Por las cartas de quienes departían en esos días con el Papa, sabemos que éste se indignó y montó en cólera (21), especialmente por el abuso del imprimatur por el que fuero inculpados todos los responsables (34) (aunque también lo era el Papa) (21). Con esta acusación, y la de haber desobedecido en el Diálogo el decreto de 1616 al defender la verdad del copernicanismo (23), Galileo es llamado a Roma para declarar ante una comisión de expertos creada por el Papa a ese efecto, y no ante la Congregación del Santo Oficio, lo que se interpreta como un gesto de benevolencia (22). A pesar del peligro que suponía este viaje a sus 69 años de edad, no se atendió a excusas: se puso a su disposición una litera (24).

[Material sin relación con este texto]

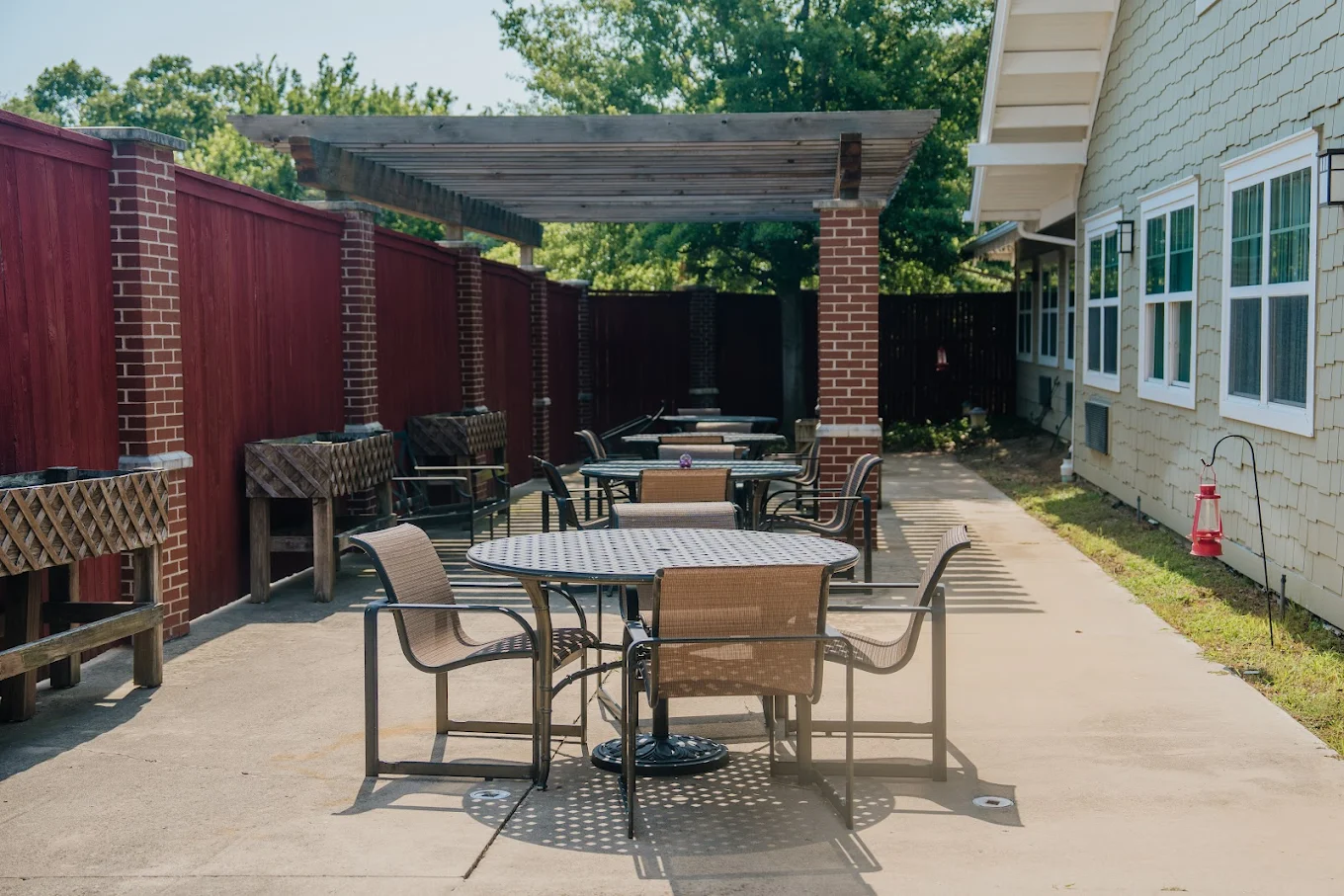 Outdoor patio seating under pergola with tables and chairs.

En el interrogatorio del 12 de abril se le acusó de haber contravenido con su Diálogo un mandato explícito impuesto a él personalmente tras la consulta de 1616 por el Cardenal Bellarmino de parte de Paulo V. Se conservaba un documento en el que Bellarmino informaba que su admonición había sido llevada a cabo y aceptada y «fue del tenor» de que no mantuviera ni enseñara «de ningún modo» el movimiento de la Tierra (25). Galileo respondió que no recordaba que Bellarmino, ya fallecido, le prohibiera en esa ocasión enseñar el heliocentrismo «de ningún modo», como tampoco lo prohibía así el decreto de 1616, y les mostró una breve certificación manuscrita de Bellarmino sobre el contenido de la conversación: en efecto, no se decía «de ningún modo» (25). De hecho, Galileo afirmaba que le quedó la idea de que podía enseñar el heliocentrismo al modo ex hypothesi y que sólo así lo había expuesto en el Diálogo (26). La manifiesta falsedad de que hubiera hablado ex hypothesi en su obra figura advertida en todos los informes subsiguientes de los miembros de la Congregación (27), y uno de ellos, el Cardenal Maculano -simpatizante de Galileo y del copernicanismo-, le avisó privadamente (28) de que decir tal falsedad bajo juramento imprimía al proceso un mal giro y le aconsejó que reconociese que en su diálogo se hablaba absolutamente y no ex hypothesi. Así lo hizo Galileo tras releer un ejemplar de su obra, y en seguida pidió ser oído por la Congregación; su nueva declaración fue tomada el 30 de abril. Pero aparte la contradicción con la declaración anterior que esto suponía, Galileo desgraciadamente añadió que su intención en el Diálogo no había sido demostrar, sino confutar, el copernicanismo, aunque quedará la impresión contraria por haberse dejado llevar de la vanidad de quien muestra su habilidad probando una proposición falsa. Declaró además que desde 1616 tenía a la Tierra por inmóvil (29).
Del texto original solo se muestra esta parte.